KamilSJaron commented 2 years ago

Hi Diya,

no worries :-). I don't see the images, but there are things I can comment on.

So in this figure we see a lot of kmers of 2n coverage pairing with each other. My question is how do the 2n kmers pair with each other?

Smudgeplot finds all the k-mers that are distant by exactly 1 nt and form a unique pair.

Shouldnt the 2n peak be comprised of single copy kmers?

Yes, each of those 2n k-mers are is (likely) homozygous and unique in the genome. They represent "nearly" the same sequences and I suspect most of those k-mer pairs will paralogs. However, so far no one really explored where these k-mer pairs come from in the genome (that is yet something we need to do).

diyasen2021 commented 2 years ago

If they are paralogs, wouldn't their coverage be > 2n?

On Sun, Apr 10, 2022 at 7:29 AM Kamil S. Jaron @.***> wrote:

Hi Diya,

no worries :-). I don't see the images, but there are things I can comment on.

So in this figure we see a lot of kmers of 2n coverage pairing with each other. My question is how do the 2n kmers pair with each other?

Smudgeplot finds all the k-mers that are distant by exactly 1 nt and form a unique pair.

Shouldnt the 2n peak be comprised of single copy kmers?

Yes, each of those 2n k-mers are is (likely) homozygous and unique in the genome. They represent "nearly" the same sequences and I suspect most of those k-mer pairs will paralogs. However, so far no one really explored where these k-mer pairs come from in the genome (that is yet something we need to do).

— Reply to this email directly, view it on GitHub https://github.com/KamilSJaron/smudgeplot/issues/99#issuecomment-1094111723, or unsubscribe https://github.com/notifications/unsubscribe-auth/AU2LPXHADRBQIJ6JXPF5MHLVEHK75ANCNFSM5QYKLWZQ . You are receiving this because you authored the thread.Message ID: @.***>

-- Diya Sen, Ph.D. CSIR Senior Research Associate Computational Genomics Lab CSIR - Indian Institute of Chemical Biology

KamilSJaron commented 2 years ago

Paralogs do not have to be identical sequences, right?

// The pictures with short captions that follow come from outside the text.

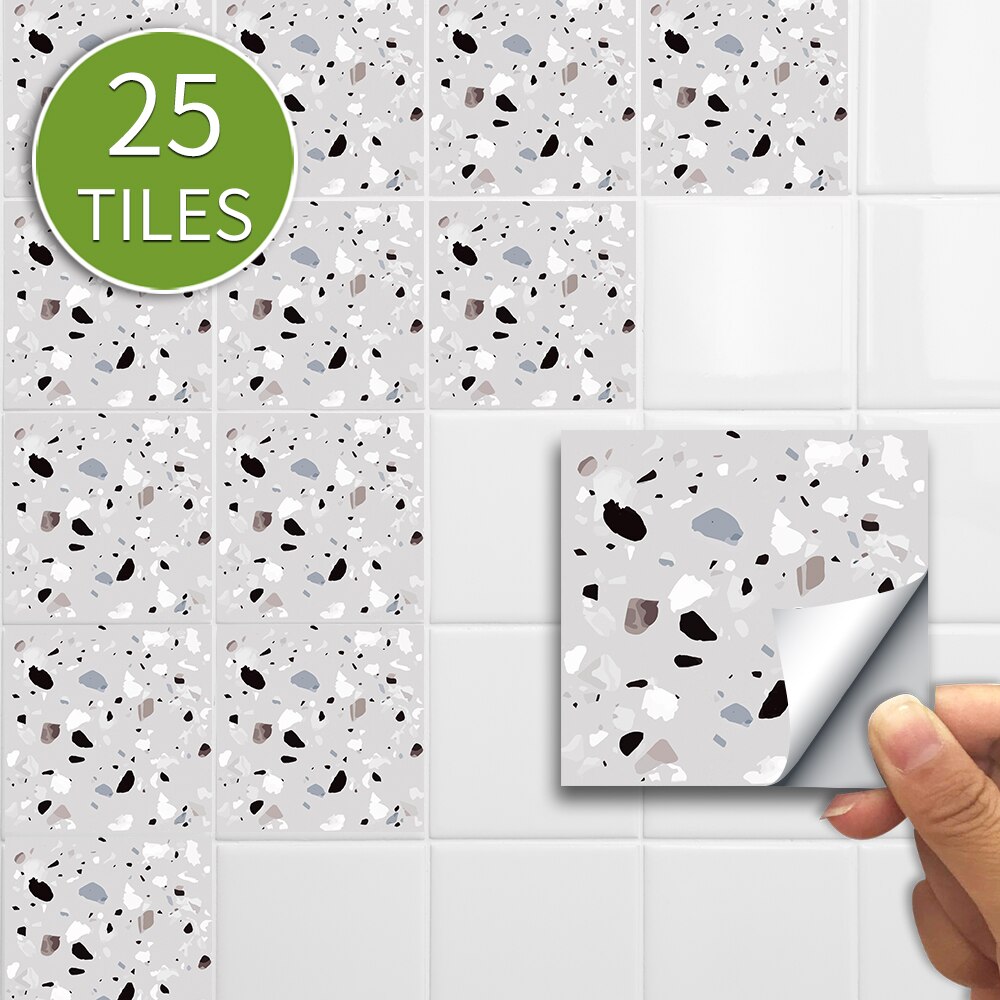 Funlife®Bruin Terrazzo Muur Sticker Verwijderbare Olie Proof Peel &amp; Stick Tegel Sticker Voor Badkamer Keuken Backsplash Muur Vloer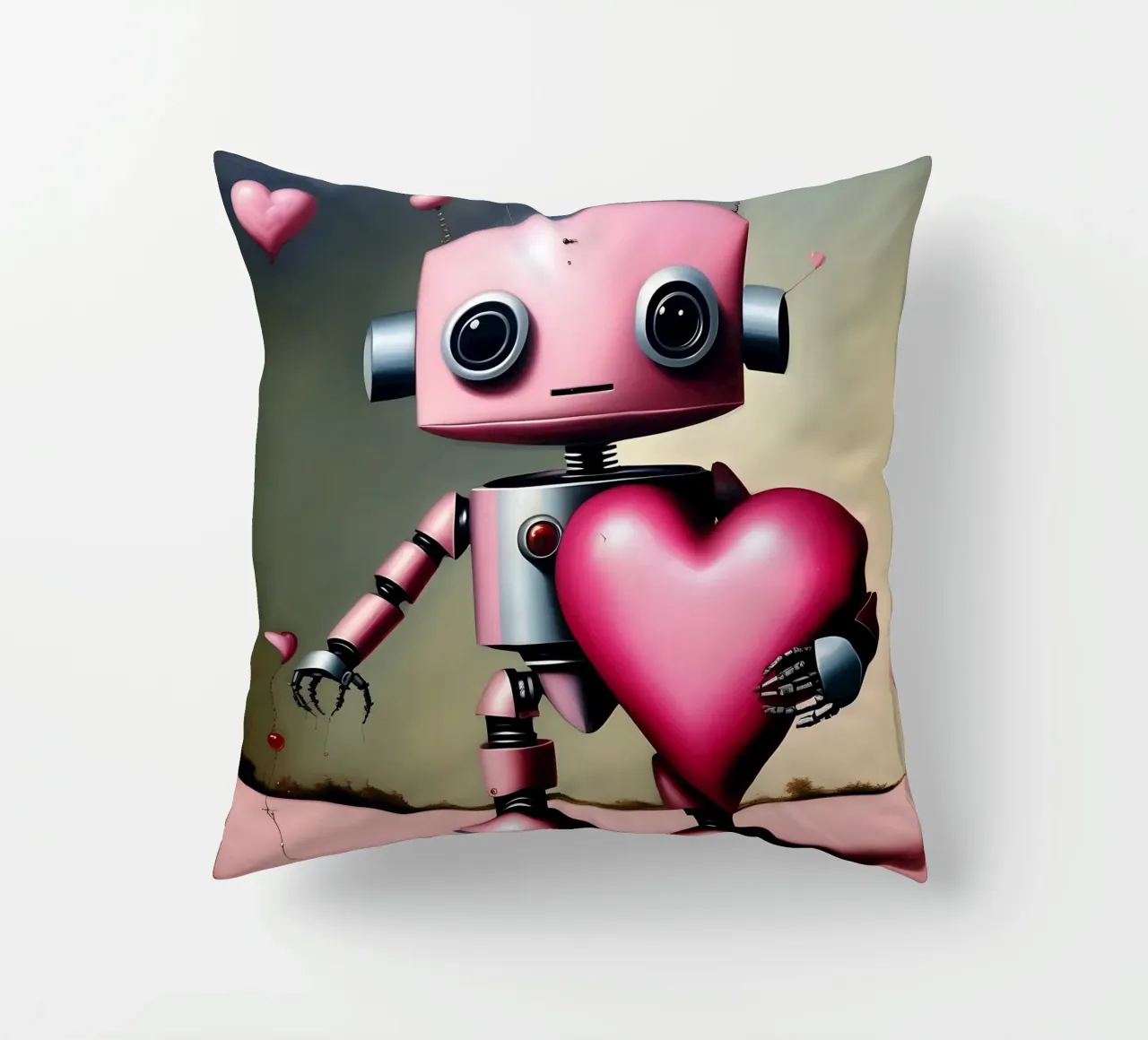Robot con un cuore_18 cuscino da Pink- und LoveArt by LK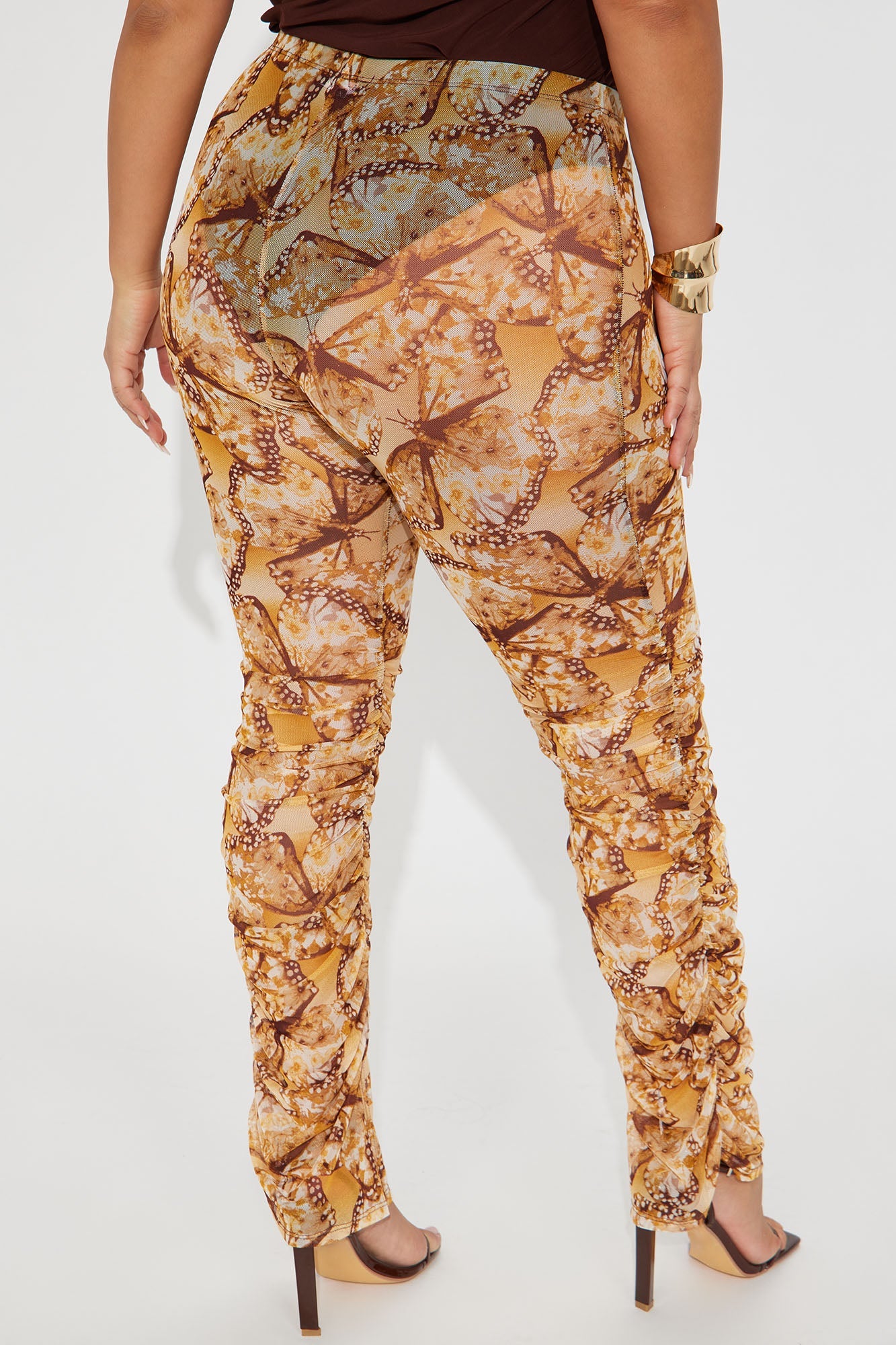 Stella Butterfly Mesh Stacked Legging - Brown/combo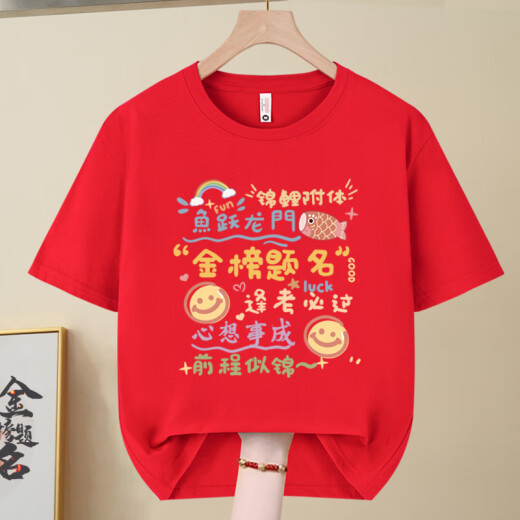 烨白2025高考T恤金榜题名短袖家长送考衣服中考必胜加油班服 高考必胜-829-红色 S /(80-95斤)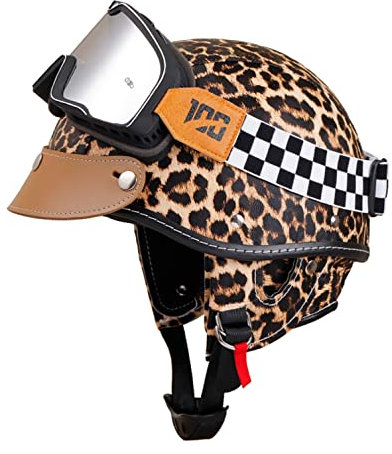 Halbschalenhelm Halbhelme Motorradhelm mit ECE Genehmigt Brain-Cap Halbschale Roller-Helm Scooter-Helm Jet-Helm mit Brille Retro für Erwachsene Herren Damen M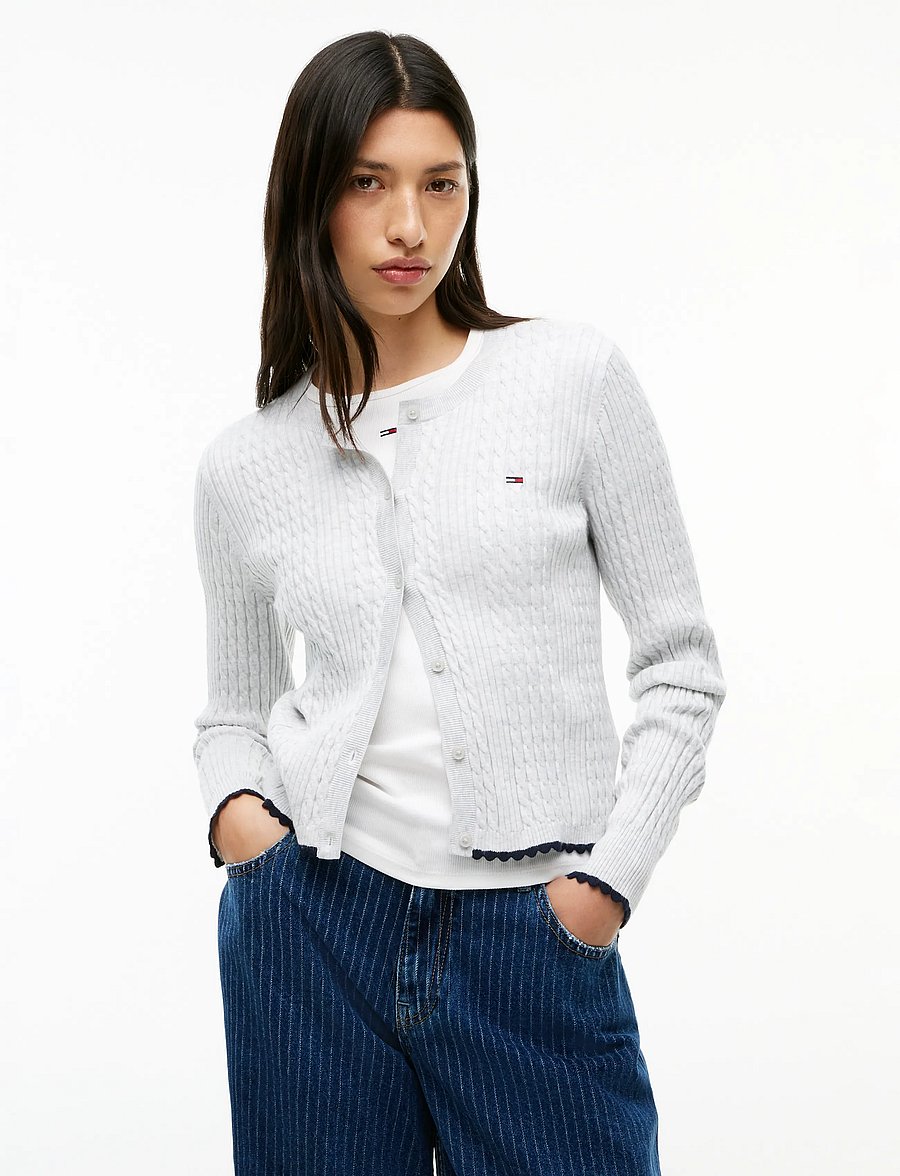 Tommy Jeans - TJW CABLE CREW NECK CARDIGAN EXT - kardiganid - ice grey heather - 0
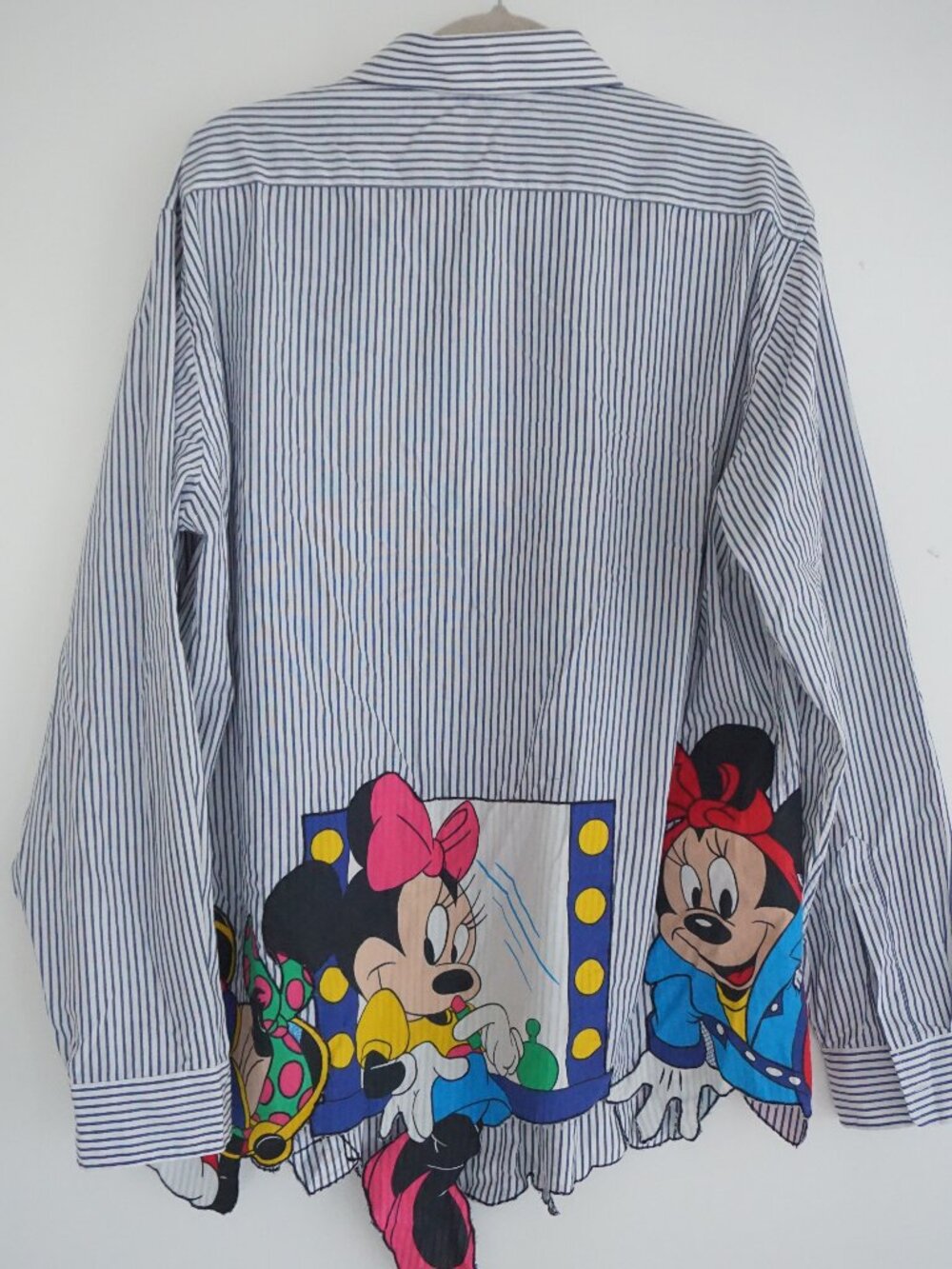 Vintage Minnie Mouse Blue White Stripe Disney Button Front Tunic Shirt XL - Picture 12 of 16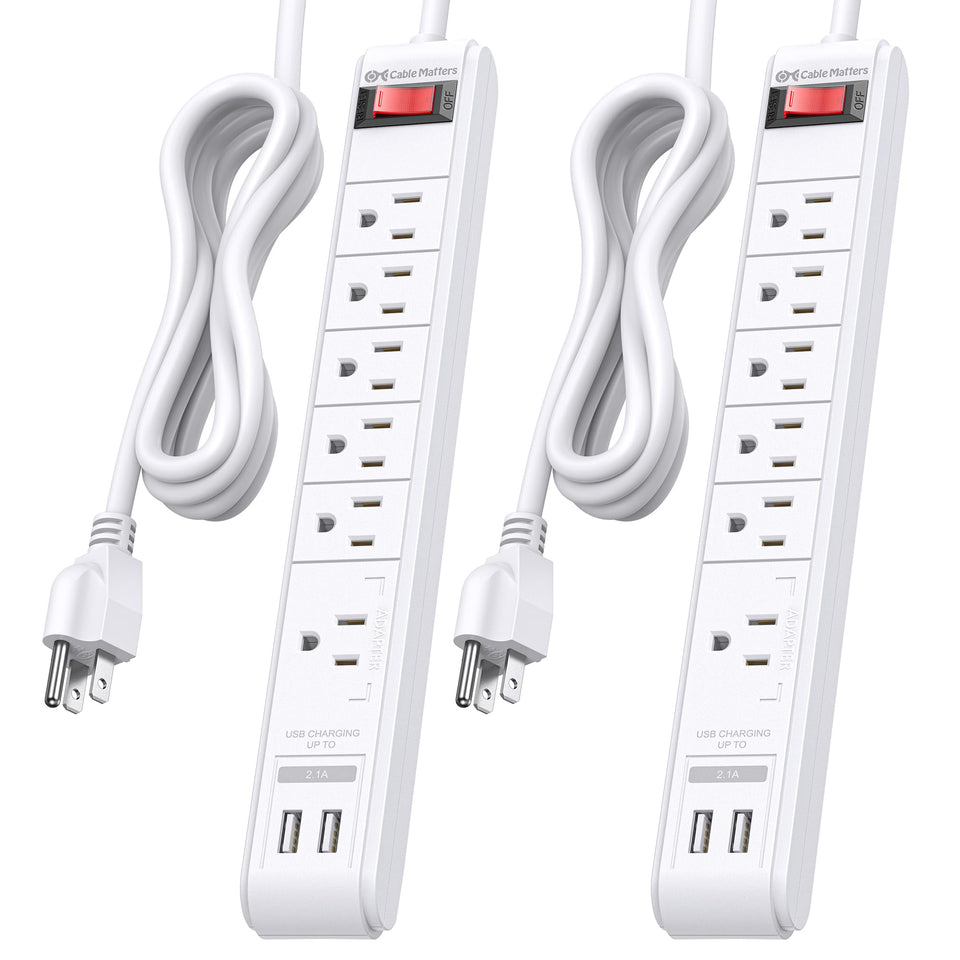 Cable Matters front view of the white power strip showing outlets and USB ports for versatile power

So I expect those k-mer often do have a common ancestor in (relatively) recent history because they are quite similar to each other, but they are not exactly the same - they are (by definition of smudgeplot k-mer pairs) different in exactly one 1nt.

More visually, imagine situation like this

---k1---------k2----
---k1---------k2----

where k1 and k2 are two k-mers that are exactly 1 nt divergent from each other and - is some other sequence we don't care about. Both are homozygous, probably paralogs, but not the same. So each of them has ~2n coverage and together they will contribute to AABB smudge. Does it make sense?

Why would you need the coverage to be >2n?

diyasen2021 commented 2 years ago

Hi Kamil,

Yes, it makes perfect sense!

Thanks for the explanation.

Diya

On Mon, Apr 11, 2022 at 1:10 AM Kamil S. Jaron @.***> wrote:

Reopened #99 https://github.com/KamilSJaron/smudgeplot/issues/99.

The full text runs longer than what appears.